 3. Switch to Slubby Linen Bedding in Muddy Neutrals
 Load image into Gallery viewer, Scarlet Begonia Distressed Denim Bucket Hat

--

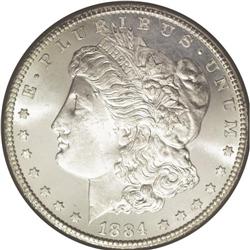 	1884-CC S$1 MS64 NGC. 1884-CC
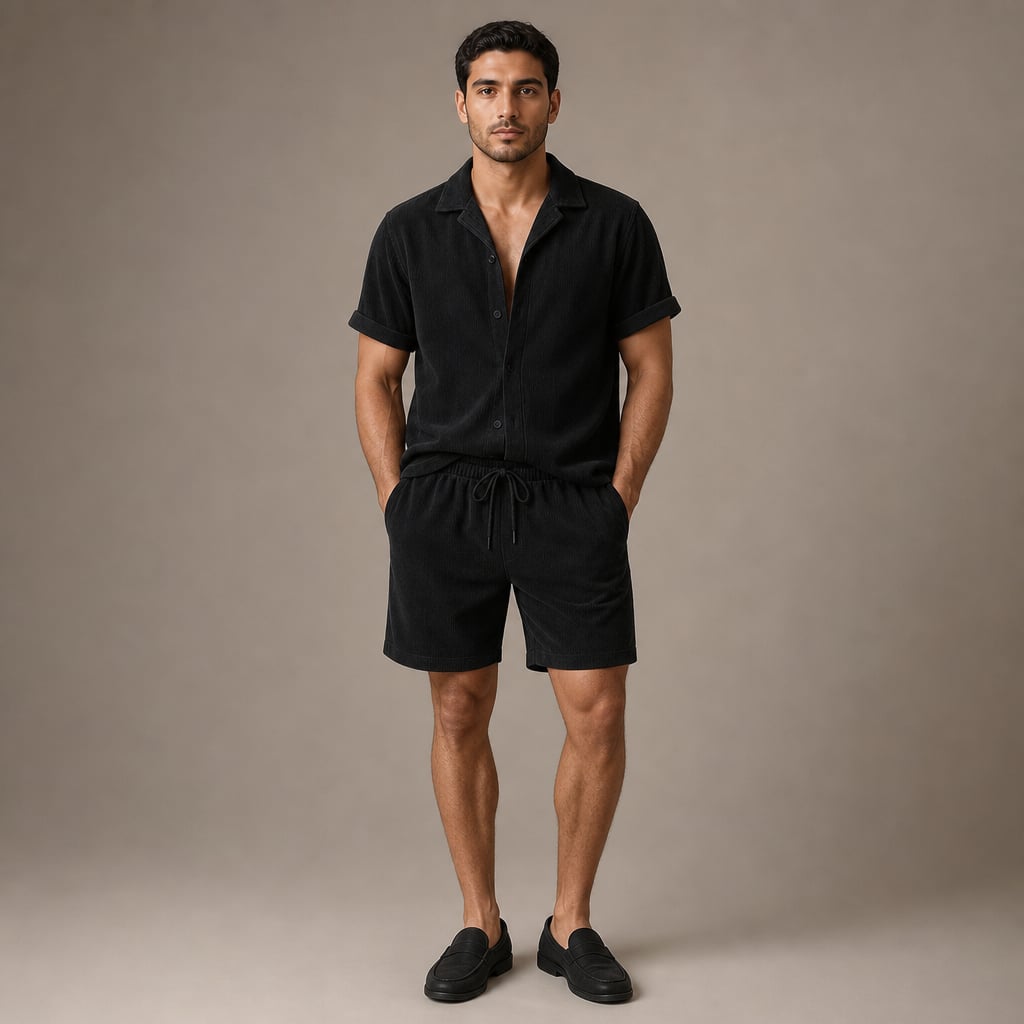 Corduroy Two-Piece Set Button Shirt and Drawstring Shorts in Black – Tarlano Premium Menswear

...

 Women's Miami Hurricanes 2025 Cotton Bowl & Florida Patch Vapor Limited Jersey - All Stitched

Exercise brief: In the listing above, find the line containing "1884-CC S$1 MS64 NGC. 1884-CC" and the line containing "Corduroy Two-Piece Set", then write out both of them and every line between, exactly, with no pictures.

Expected output:
 	1884-CC S$1 MS64 NGC. 1884-CC
 Corduroy Two-Piece Set Button Shirt and Drawstring Shorts in Black – Tarlano Premium Menswear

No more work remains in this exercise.